Wait 60 seconds before scaling down a worker
SUMMARY
From analysis in scale testing, we have found that pool.up() can take on the order of 2 seconds in extremely stressed systems. This kind of number shouldn't be normal, but it is something that occupies time in the main dispatcher process and increases the time taken to process and run a task.
This introduces a new constraint that we don't scale down workers until it has been over 60 seconds since the worker completed its last task. This assures that during temporary churn (scheduled tasks), some idle workers are kept around so scaling up isn't necessary before starting a task.
In practice, it can take significantly longer than this because work allocation is random. This seems okay to me for now.
ISSUE TYPE
- New or Enhanced Feature
COMPONENT NAME
- API
AWX VERSION
ADDITIONAL INFORMATION
How to see this behavior:
- create a JT that sleeps for a few minutes, allow concurrent jobs
- increase the log level of the "scaling" up and down logs so you can see them
- create a workflow with about 5 root nodes from that JT, corresponding to the min_workers number
- launch it
In devel, you see a constant flurry of scaling up and down in this scenario.
With this patch, we only scale up workers when starting, and aside from very occasional noise, don't have any scaling up or down events until the workflow finishes.

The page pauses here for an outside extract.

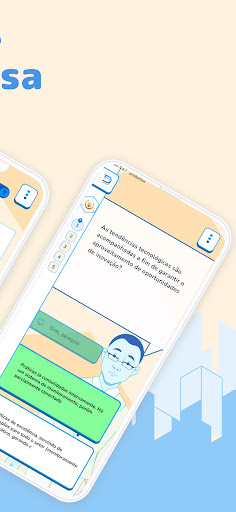 Plataforma Evoluir Screen 2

The noise is due to the system periodic tasks, which come and go by design. With this, we will effectively keep around spare workers so that we don't generally have to scale up a worker to run those periodic tasks. The idea here is to reduce the amount of unrelated heavy work the system has to do while running resource intensive playbooks. Scaling up a worker will consume many 100s of addition MBs of memory, so we can avoid that here.